In general, when a company acquires another company, the successor company can be liable for the acquired company’s activities before acquisition. The U.S. Department of Justice (“DOJ”) and the Securities and Exchange Commission (“SEC”) have administered Foreign Corrupt Practices Act (“FCPA”) enforcement actions against successor companies in cases involving egregious and sustained violations, where the successor company directly participated in the violations, or where the successor company failed to stop the misconduct from continuing after the acquisition.

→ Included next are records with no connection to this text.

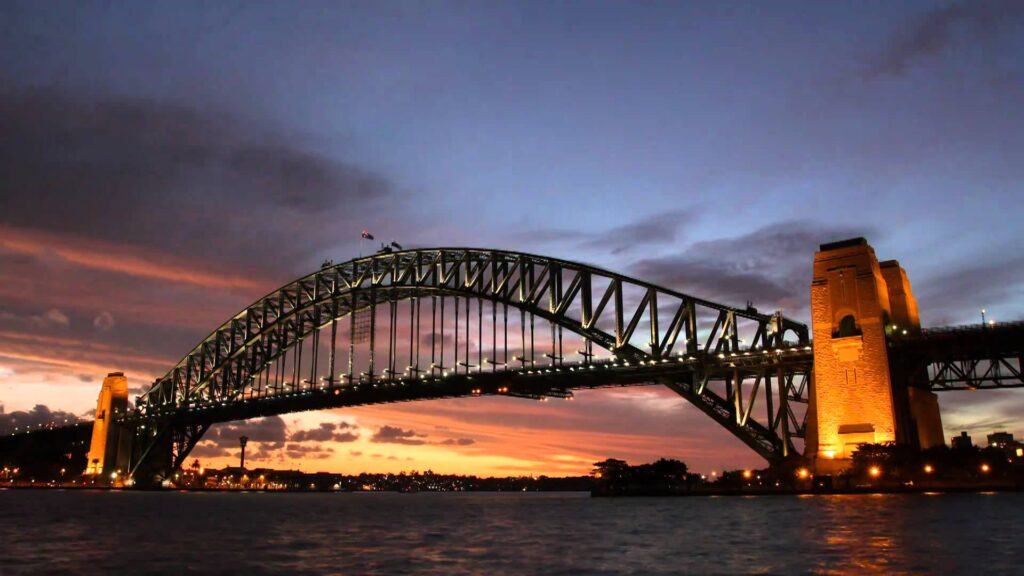 Sydney Harbour Bridge Sunset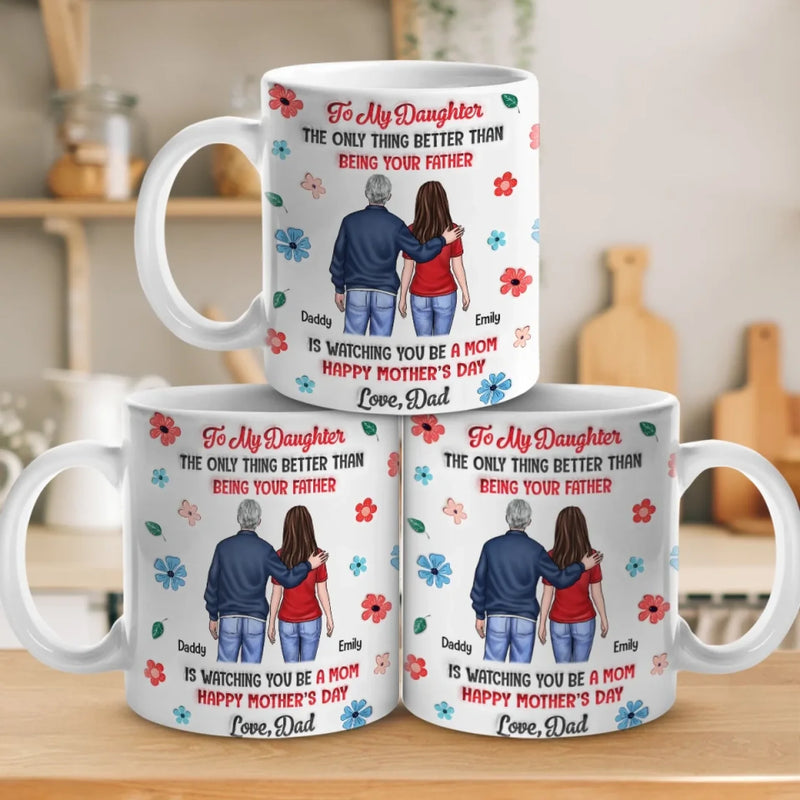 Always My Little Girl - Family Personalized Custom 3D Inflated Effect Printed Mug - Mother's Day, Gift For Dad, Daughter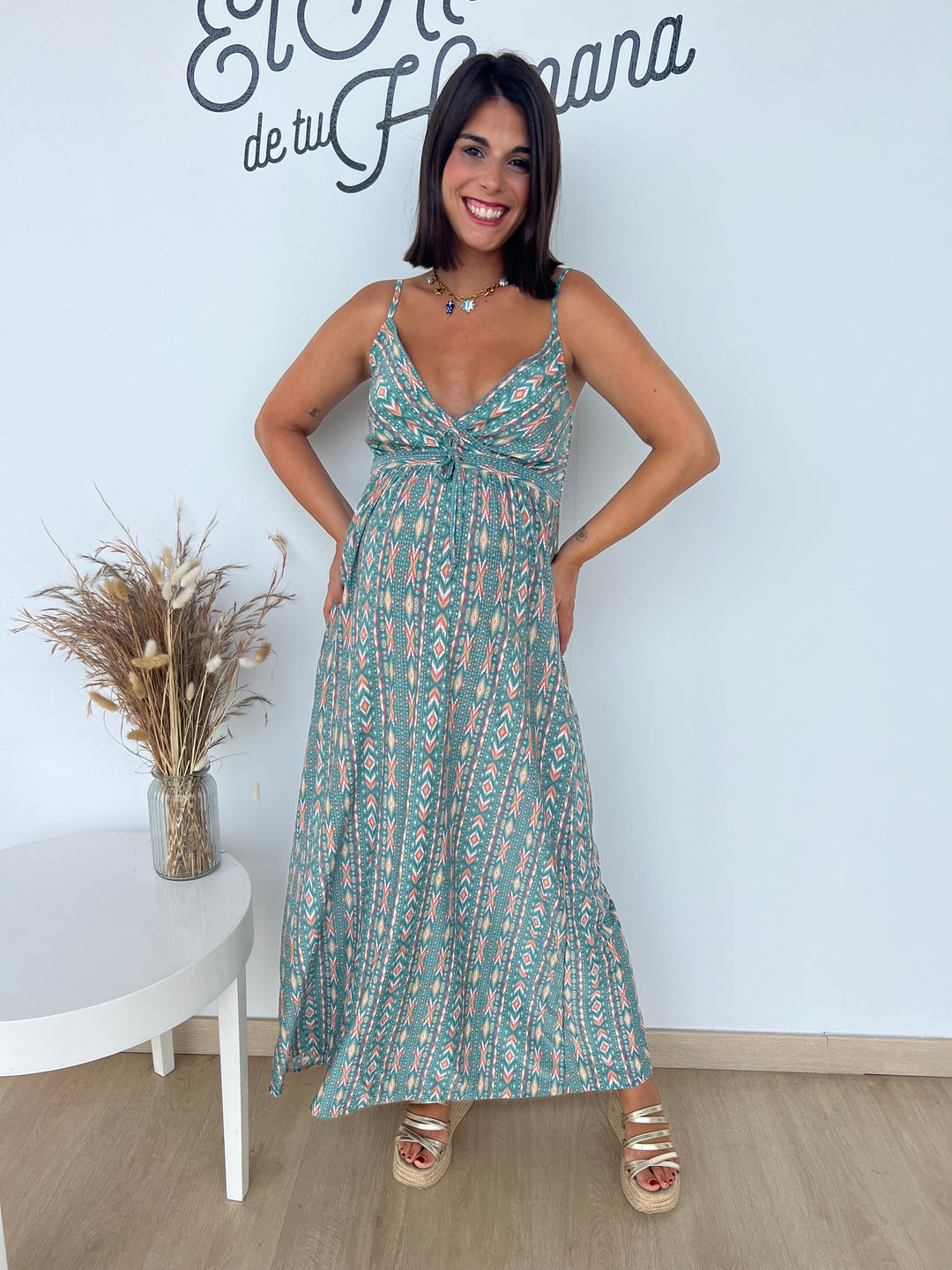 Vestido Amanda turquesa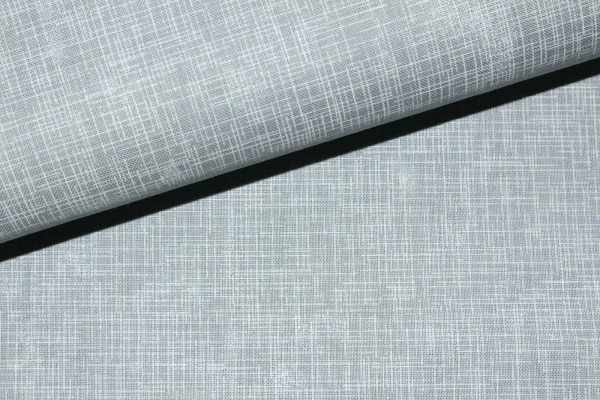 Designerbaumwolle "Quilters Linen" hellgrau/weiß  (10 cm)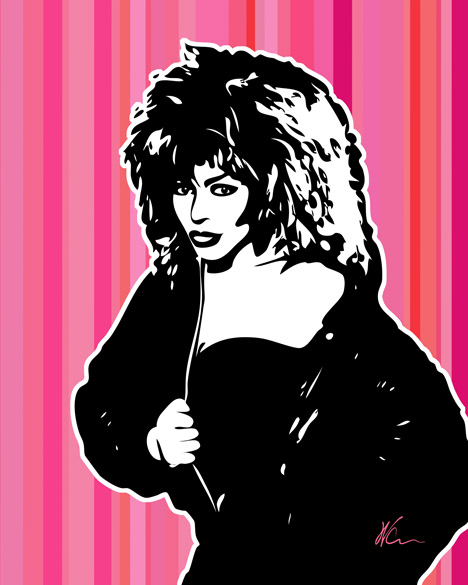 Tina Turner Pop Art By William Cuccio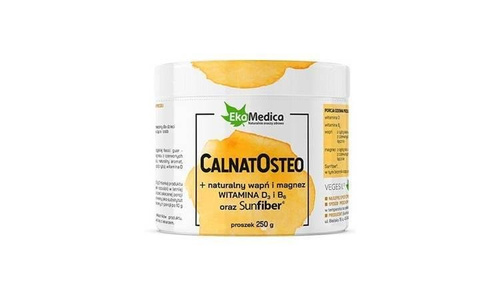 EkaMedica CalnatOsteo Wapń Magnez Witamina D i B6 Błonnik Rozpuszczalny Proszek 250g
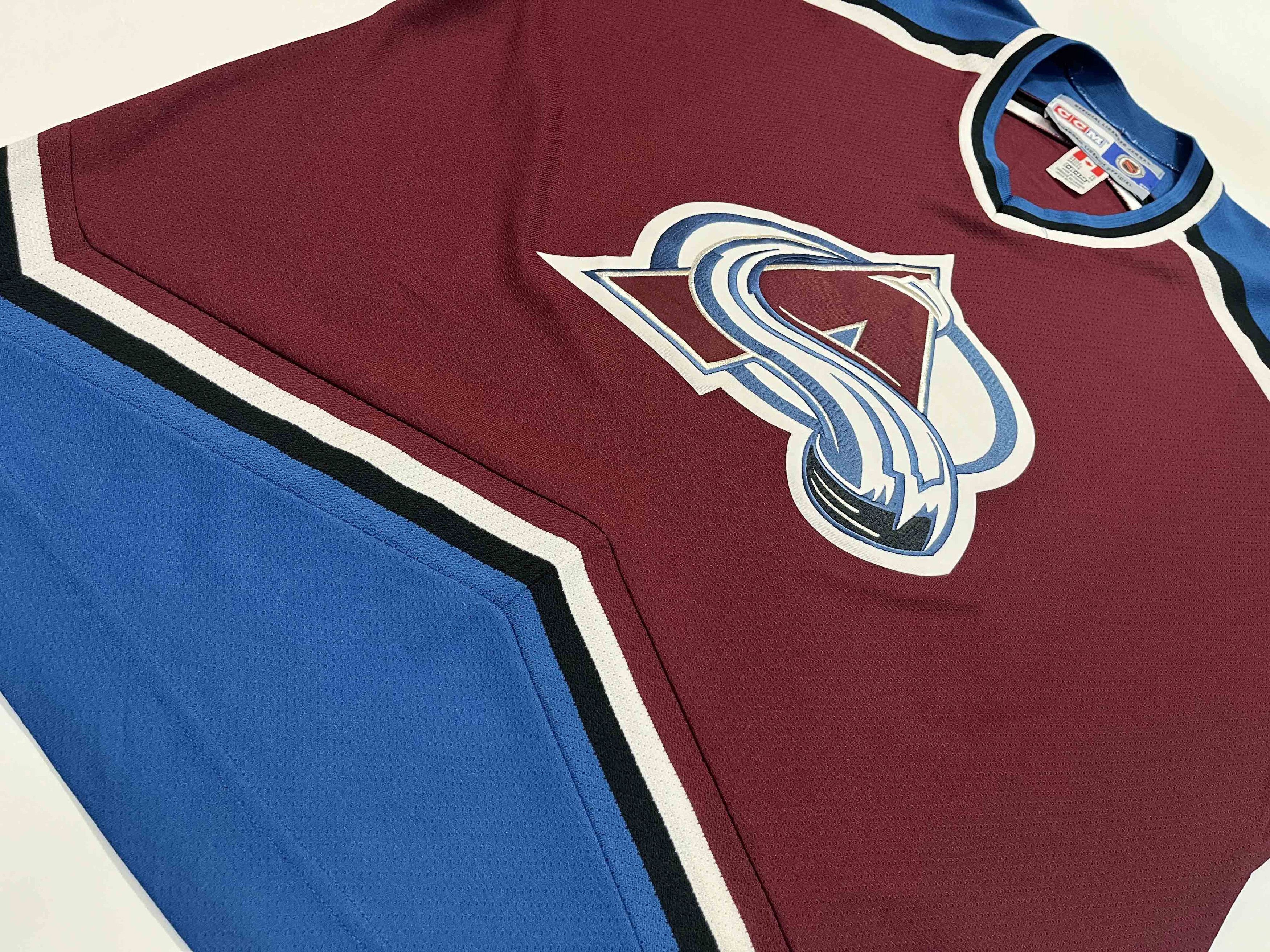 Ccm CCM Colorado Avalanche TANGUAY #18 NHL Hockey Jersey Size US XL / EU 56 / 4 - 9 Thumbnail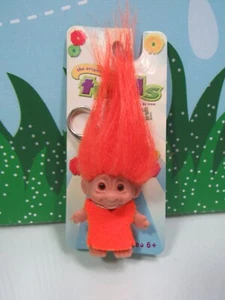 TROLL KEYCHAIN - 2" DAM Troll Doll - NEW STORE STOCK - Orange - LAST ONE - Picture 1 of 4
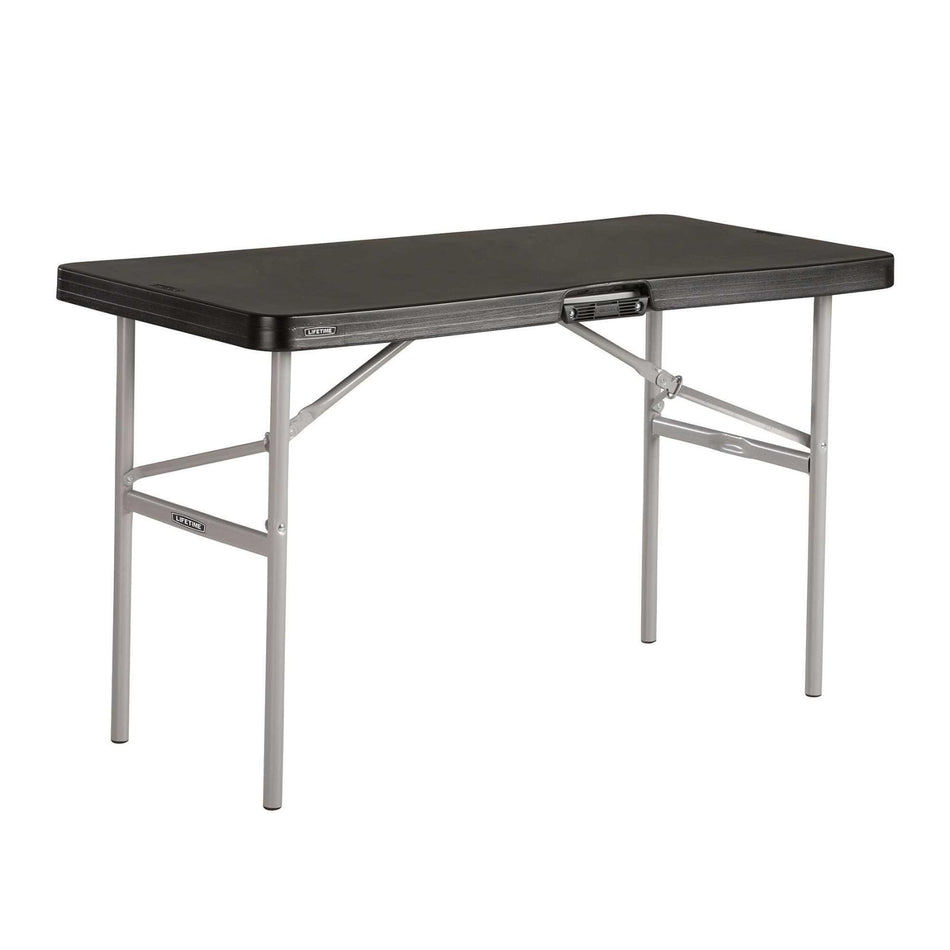 LIFETIME  MESA RECTANGULAR DE 1.22M TIPO TABLON NEGRA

To avoid potential FCPA liability for pre-acquisition and post-acquisition conduct, the DOJ and SEC have instructed companies that engage in mergers and acquisition to: (1) Conduct thorough risk-based FCPA and anti-corruption due diligence on potential business acquisitions; (2) Ensure that the acquiring company’s code of conduct and compliance policies and procedures apply as quickly as is practicable to newly acquired businesses or merged entities; (3) Train the directors, officers, and employees of newly acquired businesses and, when appropriate, train agents and business partners on the FCPA and other applicable anti-corruption laws and the company’s code of conduct and compliance policies and procedures; (4) Conduct an FCPA-specific audit of newly acquired businesses as quickly as practicable; and (5) Disclose any corrupt payments discovered as part of its due diligence of newly acquired businesses.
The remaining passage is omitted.